Er tickt wie sie: Ein deutscher Fernsehstar tritt gegen Mobbing an

Er tickt wie sie: Ein deutscher Fernsehstar tritt gegen Mobbing an

Er tickt wie sie: Ein deutscher Fernsehstar tritt gegen Mobbing an

Ein Artikel von: Redaktion

Ein ehemaliger deutscher Action-Star macht in den USA Schlagzeilen. Und dies vollkommen zu Recht, denn Carsten Stahl war einst selbst Mobbing-Opfer und kämpft heute als „Jugendflüsterer“ einen bewundernswerten Kampf gegen das Mobbing. Nun hat er es geschafft, dass sein wertvolles und erfolgreiches Engagement sogar in der New York Times vorgestellt wurde. Josefa Zimmermann hat den Artikel von Melissa Eddy für die Leserinnen und Leser der NachDenkSeiten ins Deutsche übersetzt. Weitere Informationen zu Stahls Initiative „Stoppt Mobbing“ finden Sie auf deren Internetseite.

Es war weder sein Ruhm als TV-Actionheld noch sein praller Bizeps, der es Carsten Stahl ermöglichte, eine Sporthalle voller schnatternder Grundschüler zum Schweigen zu bringen. Es war seine eigene, zutiefst berührende Geschichte.
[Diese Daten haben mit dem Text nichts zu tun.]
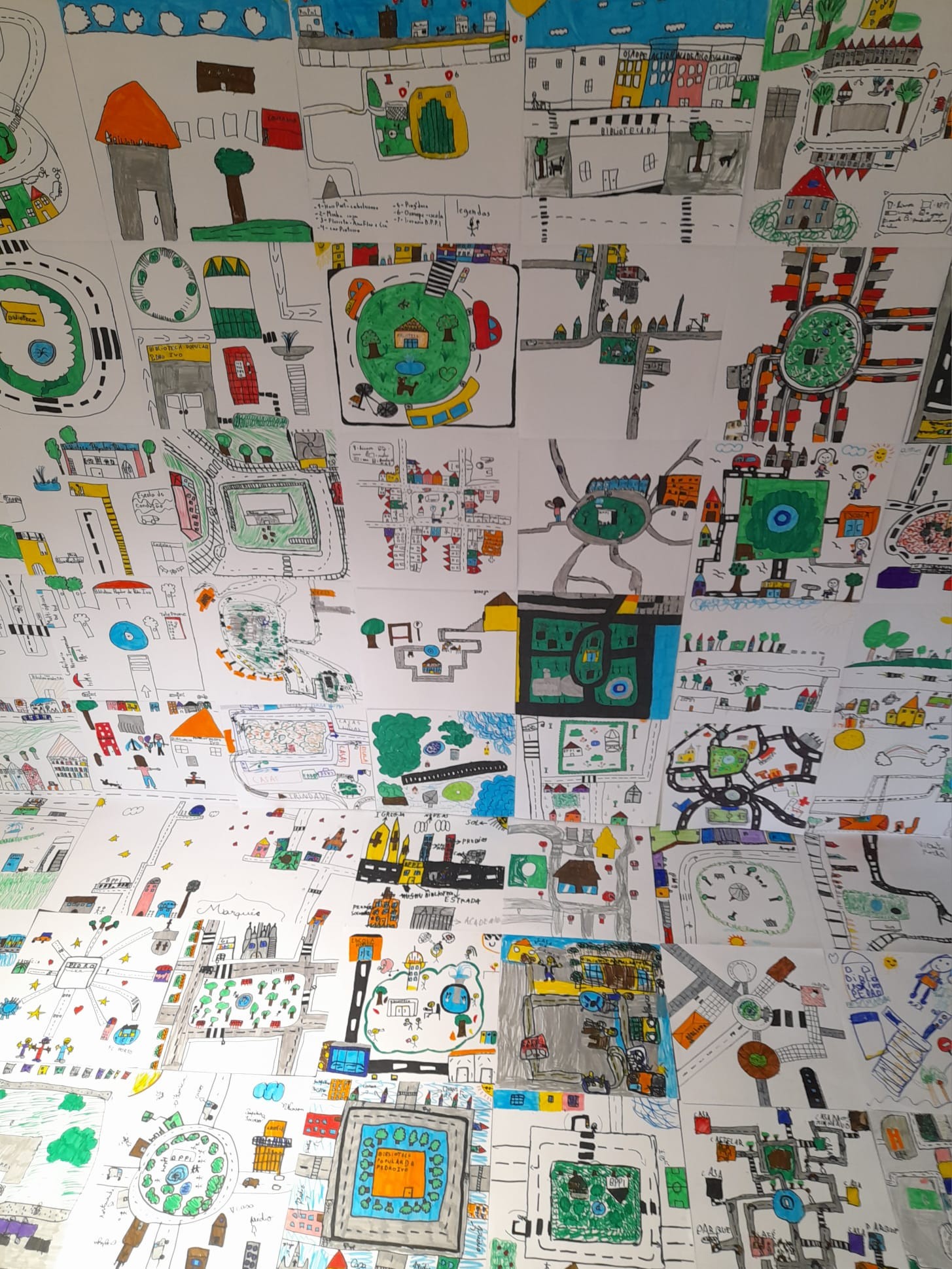 AS BIBLIOTECAS VISTAS A PARTIR DAS NUVENS — OFICINA DE MAPAS ILUSTRADOS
Stahl begann seine Präsentation in breitestem Berliner Dialekt, der Sprache der Gosse, indem er die Schüler ermutigte, sich gegenseitig die schlimmsten Schimpfwörter zuzuschreien, die sie auf dem Schulhof benutzen. Mit jeder Beleidigung und jeder Obszönität brachen die im Halbkreis eng auf Bänken zusammengedrängten Fünft- und Sechstklässler mehr in Lachen aus.

Als der 46-jährige Vater von zwei Kindern und frühere Chef einer Straßengang den Kindern vom dem 10-jährigen Jungen erzählte, der monatelang Beleidigungen erduldete, aus denen Bedrohungen und Schläge wurden und die damit endeten, dass eine Gruppe von Mobbern auf ihn urinierte, während er in einer bitter kalten Nacht in Berlin in einer fast zwei Meter tiefen Grube lag, fast an seinem Blut erstickte und nur noch sterben wollte.
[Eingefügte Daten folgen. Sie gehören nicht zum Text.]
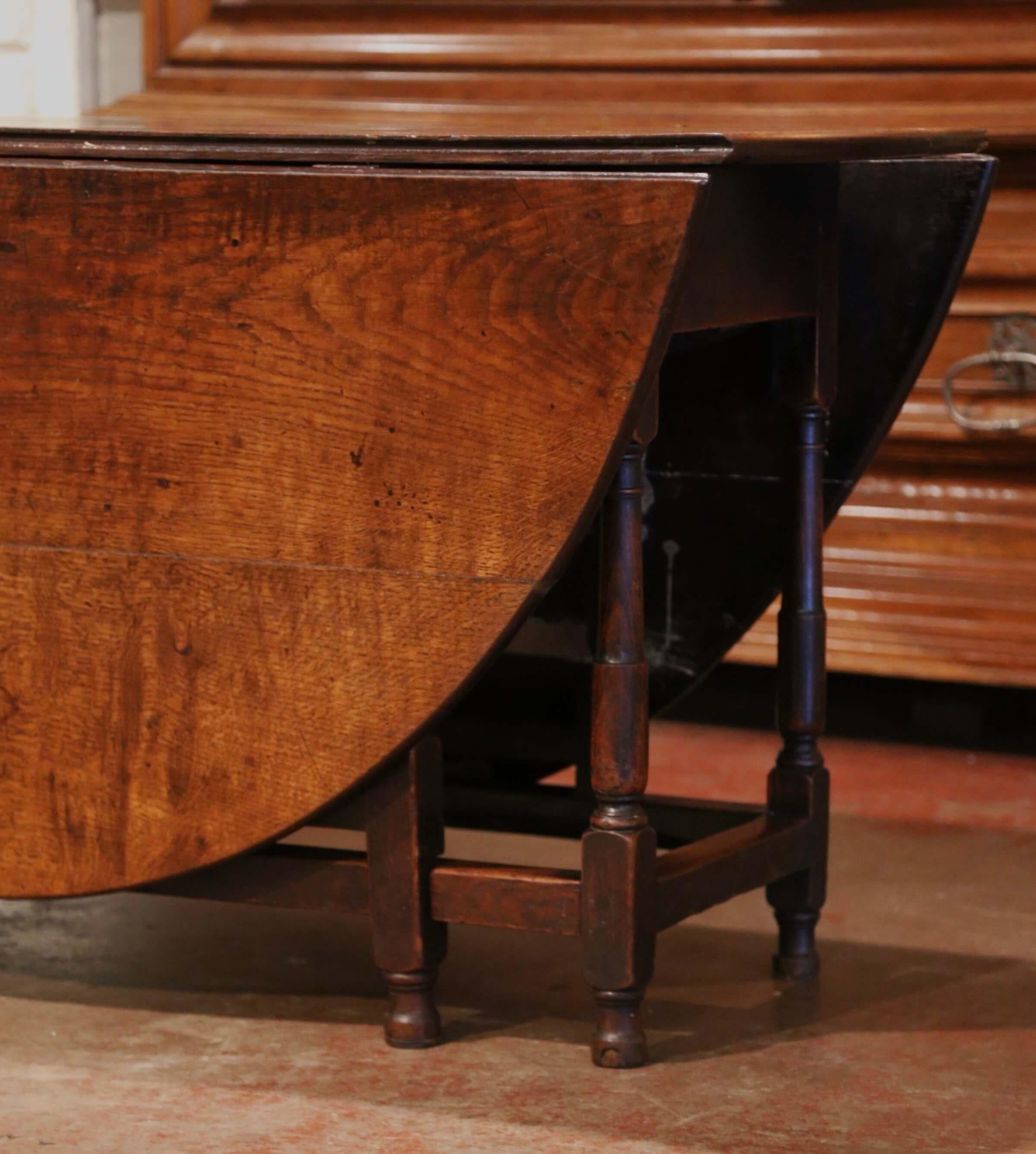 Mid 19th Century English Carved Oak Gate Leg Drop-Leaf Oval Table 6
Während Carsten Stahl sprach, verbarg ein Junge im grünen T-Shirt sein Gesicht in seinen Händen und ein Mädchen mit langem Pferdeschwanz unterdrückte ihre Tränen. Aber Stahl, der diese Geschichte schon vor mehr als 50 000 Schülern in ganz Deutschland erzählt hatte, machte weiter, mit fester Stimme und stechendem Blick brachte er die Geschichte zu ihrem wohl einstudierten Höhepunkt.

„Der zehnjährige Junge war ich!“ schrie er heraus.

„Ich höre jetzt niemand lachen“, sagte Stahl, während er ein paar Schritte näher an die Schüler der Elbtal-Grundschule in Bad Wilsnack, gut 100 km nordwestlich von Berlin, herantrat. „Mobbing ist kein Spaß. Mobbing tötet Menschen.“

In Deutschland ist eines von drei Kindern in irgendeiner Form von Mobbing betroffen, entweder verbal, körperlich oder durch Missachtung, so berichtet eine Studie der Bertelsmann-Stiftung.

Für Stahl war diese Studie nicht nötig, um das Ausmaß des Problems zu erkennen. Er erkannte es am zweiten Schultag seines Sohnes, als der Junge mit blutender Lippe und Nase nach Hause kam und gegenüber seiner jüngeren Schwester Schimpfwörter ausstieß, die dem Erstklässler vorher nie über die Lippen gekommen waren.

Damals war Stahl der Star in der Fernsehserie „Privatdetektive im Einsatz“, die ihn zu einem bei Tausenden beliebten Helden machte, vor allem bei Jungen und Teenagern.

„Überall wo ich war, erkannten mich die Kids“, sagte er. Er entschied sich, seinen Erfolg zu nutzen und seine Rolle zu vertiefen, indem er tiefer in die Materie der Prävention von Verbrechen bei Jugendlichen einstieg, anstatt nur Verbrecher zu jagen. „Sie müssen bedenken, woher ich komme und was ich erlebt habe“, sagte er. „Aber damals dachte ich nicht mehr über das Mobbing nach. Ich hatte es verdrängt, wie alle es tun.“

Die Schauspielerei war nicht Teil seines Lebensplans, sagte Stahl, der 18 Jahre Chef einer Straßengang in dem von Gewalt geprägten Berliner Bezirk Neukölln war, wo er mit einer älteren Schwester und zwei älteren Brüdern in einer Arbeiterfamilie aufgewachsen war. Dort erlebte er als pummeliges, rotblondes Kind die zerstörerische Demütigung, gemobbt zu werden. Dort wurde auch er zum Mobber, als er größer wurde und auf dem Fußballplatz und im Boxring an Stärke zulegte.
Als er 11 war, entschieden seine Eltern, dass er von der Straße weg musste, und sie zogen in das bayerische Dorf, in dem sie den Sommerurlaub verbracht hatten. Seine Mutter, eine Verkäuferin, fand schnell einen Job, aber sein Vater, der Kraftfahrer war, musste pendeln, bis er entlassen wurde. Zwei Jahre später kehrte die Familie nach Berlin zurück.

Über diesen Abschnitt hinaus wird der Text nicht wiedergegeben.